Exercise prompt -> After finding the line with "VUITTON LOUIS LOCKME PM CHAIN 0731" in the data below, set down exactly each line through the one with "Used 2023 Lexus", inclusive, and stop there.

Stored dataset items
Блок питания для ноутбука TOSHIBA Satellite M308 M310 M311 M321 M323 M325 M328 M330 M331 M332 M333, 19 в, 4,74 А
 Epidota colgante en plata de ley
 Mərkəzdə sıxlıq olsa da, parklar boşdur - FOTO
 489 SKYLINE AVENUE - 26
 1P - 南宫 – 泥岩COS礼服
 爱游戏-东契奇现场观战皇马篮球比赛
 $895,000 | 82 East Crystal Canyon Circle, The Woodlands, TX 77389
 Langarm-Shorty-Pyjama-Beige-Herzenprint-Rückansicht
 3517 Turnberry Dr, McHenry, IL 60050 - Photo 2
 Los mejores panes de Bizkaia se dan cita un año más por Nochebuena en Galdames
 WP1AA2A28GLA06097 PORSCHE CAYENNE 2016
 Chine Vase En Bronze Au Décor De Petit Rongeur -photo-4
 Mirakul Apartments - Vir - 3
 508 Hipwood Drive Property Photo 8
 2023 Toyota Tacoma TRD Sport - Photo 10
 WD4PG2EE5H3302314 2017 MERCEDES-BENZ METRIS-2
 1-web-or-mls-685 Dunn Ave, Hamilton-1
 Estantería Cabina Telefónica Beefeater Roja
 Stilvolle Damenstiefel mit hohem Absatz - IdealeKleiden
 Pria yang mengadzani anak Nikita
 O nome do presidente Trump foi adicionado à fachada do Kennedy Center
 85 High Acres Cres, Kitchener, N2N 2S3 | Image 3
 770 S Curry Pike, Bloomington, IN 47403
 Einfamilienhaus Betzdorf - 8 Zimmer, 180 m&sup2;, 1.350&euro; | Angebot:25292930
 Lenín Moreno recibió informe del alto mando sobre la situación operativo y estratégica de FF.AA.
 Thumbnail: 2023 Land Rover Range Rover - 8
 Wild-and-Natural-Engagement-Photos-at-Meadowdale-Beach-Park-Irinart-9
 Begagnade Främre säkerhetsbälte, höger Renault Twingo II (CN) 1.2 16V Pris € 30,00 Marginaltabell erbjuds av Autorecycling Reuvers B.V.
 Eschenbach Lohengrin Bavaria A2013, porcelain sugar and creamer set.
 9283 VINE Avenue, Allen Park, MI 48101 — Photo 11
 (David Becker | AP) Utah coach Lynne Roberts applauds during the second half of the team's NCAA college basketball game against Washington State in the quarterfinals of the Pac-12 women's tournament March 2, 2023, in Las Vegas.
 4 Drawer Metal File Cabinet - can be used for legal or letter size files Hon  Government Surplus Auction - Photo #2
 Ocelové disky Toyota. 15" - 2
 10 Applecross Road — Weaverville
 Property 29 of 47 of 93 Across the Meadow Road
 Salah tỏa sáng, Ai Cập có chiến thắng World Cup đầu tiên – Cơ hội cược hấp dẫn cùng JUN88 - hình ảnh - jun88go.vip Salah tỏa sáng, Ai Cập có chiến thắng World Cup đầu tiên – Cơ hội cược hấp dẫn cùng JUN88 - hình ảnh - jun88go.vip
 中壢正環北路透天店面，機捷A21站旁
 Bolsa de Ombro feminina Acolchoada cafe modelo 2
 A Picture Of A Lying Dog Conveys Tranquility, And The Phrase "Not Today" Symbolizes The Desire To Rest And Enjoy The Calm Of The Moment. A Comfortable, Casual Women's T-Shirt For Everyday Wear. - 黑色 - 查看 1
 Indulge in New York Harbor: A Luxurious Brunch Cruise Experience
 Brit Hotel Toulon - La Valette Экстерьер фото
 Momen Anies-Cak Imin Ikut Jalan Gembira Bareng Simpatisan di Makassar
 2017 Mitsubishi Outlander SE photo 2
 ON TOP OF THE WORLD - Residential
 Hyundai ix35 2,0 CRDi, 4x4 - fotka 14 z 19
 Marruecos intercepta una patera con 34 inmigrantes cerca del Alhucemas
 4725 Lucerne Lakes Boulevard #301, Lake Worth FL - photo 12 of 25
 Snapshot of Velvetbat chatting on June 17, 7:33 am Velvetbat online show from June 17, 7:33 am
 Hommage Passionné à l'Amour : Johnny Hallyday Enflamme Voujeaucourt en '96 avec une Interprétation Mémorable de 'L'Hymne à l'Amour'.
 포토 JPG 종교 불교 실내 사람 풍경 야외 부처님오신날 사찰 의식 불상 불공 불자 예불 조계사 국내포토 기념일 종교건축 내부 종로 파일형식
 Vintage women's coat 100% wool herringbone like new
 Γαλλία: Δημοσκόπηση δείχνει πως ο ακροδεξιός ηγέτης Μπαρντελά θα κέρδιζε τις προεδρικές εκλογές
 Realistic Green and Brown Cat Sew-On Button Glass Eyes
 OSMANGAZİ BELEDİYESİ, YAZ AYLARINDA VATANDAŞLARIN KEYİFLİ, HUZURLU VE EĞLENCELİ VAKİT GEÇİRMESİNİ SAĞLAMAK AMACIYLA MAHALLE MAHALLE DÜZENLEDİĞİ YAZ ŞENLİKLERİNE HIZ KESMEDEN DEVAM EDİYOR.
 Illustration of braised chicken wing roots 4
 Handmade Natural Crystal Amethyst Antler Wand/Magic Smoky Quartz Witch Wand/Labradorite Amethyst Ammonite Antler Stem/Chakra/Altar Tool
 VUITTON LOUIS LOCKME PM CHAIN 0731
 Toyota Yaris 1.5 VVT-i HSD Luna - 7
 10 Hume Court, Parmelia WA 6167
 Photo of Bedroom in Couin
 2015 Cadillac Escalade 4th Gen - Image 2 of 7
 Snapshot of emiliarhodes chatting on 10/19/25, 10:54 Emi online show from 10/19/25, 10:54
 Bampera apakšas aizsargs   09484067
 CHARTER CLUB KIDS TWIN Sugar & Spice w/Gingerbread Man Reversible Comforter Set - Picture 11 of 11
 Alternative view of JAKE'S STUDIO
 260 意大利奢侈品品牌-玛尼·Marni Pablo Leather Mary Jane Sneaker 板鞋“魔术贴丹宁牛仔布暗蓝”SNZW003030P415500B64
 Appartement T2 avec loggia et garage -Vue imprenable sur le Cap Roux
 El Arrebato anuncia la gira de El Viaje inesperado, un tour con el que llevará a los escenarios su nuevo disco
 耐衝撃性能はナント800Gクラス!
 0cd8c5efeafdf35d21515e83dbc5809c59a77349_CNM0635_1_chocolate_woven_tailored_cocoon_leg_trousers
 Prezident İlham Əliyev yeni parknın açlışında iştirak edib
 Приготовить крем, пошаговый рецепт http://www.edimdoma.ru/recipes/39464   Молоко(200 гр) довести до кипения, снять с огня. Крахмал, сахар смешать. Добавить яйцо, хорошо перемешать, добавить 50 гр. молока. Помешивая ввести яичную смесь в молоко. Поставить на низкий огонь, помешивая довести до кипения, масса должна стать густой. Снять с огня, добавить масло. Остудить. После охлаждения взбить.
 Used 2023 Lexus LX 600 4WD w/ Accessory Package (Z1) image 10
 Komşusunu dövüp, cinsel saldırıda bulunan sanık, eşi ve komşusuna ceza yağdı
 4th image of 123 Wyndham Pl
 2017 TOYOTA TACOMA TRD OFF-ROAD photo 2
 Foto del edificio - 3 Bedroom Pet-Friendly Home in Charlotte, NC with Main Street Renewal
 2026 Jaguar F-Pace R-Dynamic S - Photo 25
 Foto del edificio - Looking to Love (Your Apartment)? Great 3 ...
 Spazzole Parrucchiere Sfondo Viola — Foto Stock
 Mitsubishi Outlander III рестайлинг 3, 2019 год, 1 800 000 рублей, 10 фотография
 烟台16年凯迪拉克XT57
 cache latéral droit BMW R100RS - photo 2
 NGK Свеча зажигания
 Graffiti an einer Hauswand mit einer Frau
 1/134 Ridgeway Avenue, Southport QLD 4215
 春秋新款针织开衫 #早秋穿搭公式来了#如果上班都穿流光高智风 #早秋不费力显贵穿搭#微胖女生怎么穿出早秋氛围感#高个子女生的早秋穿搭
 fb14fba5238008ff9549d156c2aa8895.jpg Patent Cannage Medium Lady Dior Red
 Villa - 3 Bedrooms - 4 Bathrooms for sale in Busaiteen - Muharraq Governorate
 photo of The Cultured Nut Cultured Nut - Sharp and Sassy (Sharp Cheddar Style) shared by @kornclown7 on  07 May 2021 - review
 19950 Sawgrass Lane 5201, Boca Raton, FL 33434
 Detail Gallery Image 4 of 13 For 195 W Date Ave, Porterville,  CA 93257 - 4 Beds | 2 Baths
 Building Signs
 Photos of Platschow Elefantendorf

Exercise response ->
 VUITTON LOUIS LOCKME PM CHAIN 0731
 Toyota Yaris 1.5 VVT-i HSD Luna - 7
 10 Hume Court, Parmelia WA 6167
 Photo of Bedroom in Couin
 2015 Cadillac Escalade 4th Gen - Image 2 of 7
 Snapshot of emiliarhodes chatting on 10/19/25, 10:54 Emi online show from 10/19/25, 10:54
 Bampera apakšas aizsargs   09484067
 CHARTER CLUB KIDS TWIN Sugar & Spice w/Gingerbread Man Reversible Comforter Set - Picture 11 of 11
 Alternative view of JAKE'S STUDIO
 260 意大利奢侈品品牌-玛尼·Marni Pablo Leather Mary Jane Sneaker 板鞋“魔术贴丹宁牛仔布暗蓝”SNZW003030P415500B64
 Appartement T2 avec loggia et garage -Vue imprenable sur le Cap Roux
 El Arrebato anuncia la gira de El Viaje inesperado, un tour con el que llevará a los escenarios su nuevo disco
 耐衝撃性能はナント800Gクラス!
 0cd8c5efeafdf35d21515e83dbc5809c59a77349_CNM0635_1_chocolate_woven_tailored_cocoon_leg_trousers
 Prezident İlham Əliyev yeni parknın açlışında iştirak edib
 Приготовить крем, пошаговый рецепт http://www.edimdoma.ru/recipes/39464   Молоко(200 гр) довести до кипения, снять с огня. Крахмал, сахар смешать. Добавить яйцо, хорошо перемешать, добавить 50 гр. молока. Помешивая ввести яичную смесь в молоко. Поставить на низкий огонь, помешивая довести до кипения, масса должна стать густой. Снять с огня, добавить масло. Остудить. После охлаждения взбить.
 Used 2023 Lexus LX 600 4WD w/ Accessory Package (Z1) image 10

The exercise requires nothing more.